La seule façon de se soustraire à la tyrannie d'une société, c'est de quitter le territoire à l'intérieur duquel elle définit ses lois. Autrement dit: quitter un pays. Mais ce faisant, on entre automatiquement dans un autre pays, qui peut ou non nous y accepter, et dans lequel on devra de toute façon se plier aux lois et règlement qu'il fait appliquer.

Dès notre naissance, on doit s'enregistrer auprès de l'état civil. Une fois atteint un certain âge, on doit aller à l'école. Après cela, si on ne veut pas vivre comme un parasite ou un criminel, on doit se trouver un logement, on doit se trouver un emploi au moins pour satisfaire aux obligations financières que la société demande de nous. On doit contribuer à la société, qu'elle nous convienne ou non, qu'on en retire des bénéfices ou, qu'on contraire, elle nous détruise à petit feu, nous forçant à nous soumettre à un système de valeurs qui ne nous ressemble pas, qui est contraire à notre propre système de valeurs.

Et si malgré tout on fait le choix de se soustraire à cette société, de "cesser d'exister", de "disparaître" loin de tout et de tous, dans un endroit où l'on choisirait de s'autosuffire, sans nuire à personne et sans retirer quelque bénéfice que ce soit de la société sans y avoir contribué, et bien cette société ne tolèrera pas cette "affront". Elle consacrera des ressources à nous prendre en chasse, à nous retrouver, à nous ramener de force à elle, pour ensuite nous juger et nous condamner à séjourner dans un endroit où elle aura choisi de nous exclure à nouveau, mais selon ses termes, ses conditions, le même endroit où elle enferme (légitimement cette fois) les criminels, les parasites et les prédateurs qui ont fait le choix de l'agresser, de l'attaquer, de lui faire du mal, à elle et à ses citoyens. Et elle nous gardera prisonnier de cet endroit tant qu'elle ne nous aura pas "brisé", tant qu'elle ne nous aura pas forcé à se plier à sa volonté.

Les plus érudits d'entre vous trouverons sûrement que mes idées s'apparentent beaucoup à celles des libertariens. Pourtant, je ne me reconnais pas en eux. J'ai lu plusieurs de leurs ouvrages, mais je ne partage pas leur révolte, leur résistance à l'autorité, leur incitation à la désobéissance civile. Je ne veux pas dénoncer une société malade et injuste. Je ne veux pas changer le monde.

Je veux juste que le monde me crisse la paix. Une bonne fois pour toute. Je veux que la société se pousse, s'écarte de mon chemin et me laisse vivre ma vie comme je l'entend.

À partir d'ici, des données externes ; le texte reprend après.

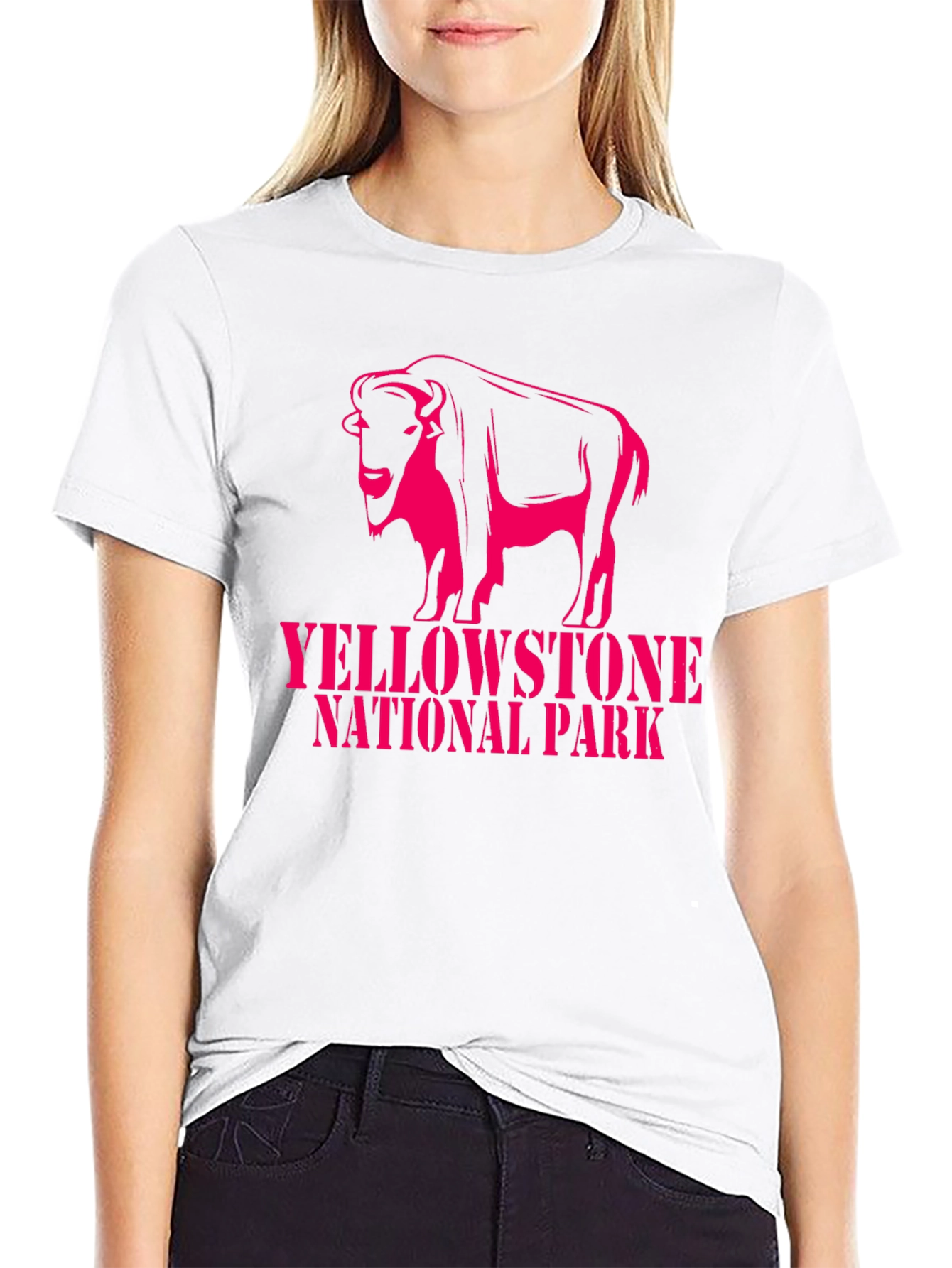Yellowstone National Park Bison T-Shirt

Pour l'instant, la seule façon qui nous est offerte dans ce monde pour obtenir un semblant de liberté, c'est de l'acheter. Faire ce que je vais faire: Payer pour avoir un endroit à moi, loin de tout, en toute légalité, ce qui minimisera les chances que des indésirables viennent m'emmerder. Payer annuellement mon loyer au ministère, mes taxes municipales et scolaires, mon permis de conduire, mes droits d'immatriculation, mes assurances. Payer tout ça avec de l'argent que j'aurai accumulé en étant un bon petit citoyen, en travaillant de neuf à cinq pendant des années pour "contribuer" à cette société malsaine qui m'a rendu à ce point malade à un certain moment qu'elle m'a presque poussé à mettre fin à mes jours. Satisfaire financièrement tous ces collecteurs pour qu'ils me fichent la paix et me permettent de vivre la plus grande partie de mon temps dans un facsimilé raisonnable de liberté. Pouvoir enfin vivre la deuxième moitié de ma vie, selon mes valeurs, sans traîner derrière moi comme un boulet cette société qui, le jour où elle basculera finalement dans le vide, ne m'entraînera pas avec elle dans la mort.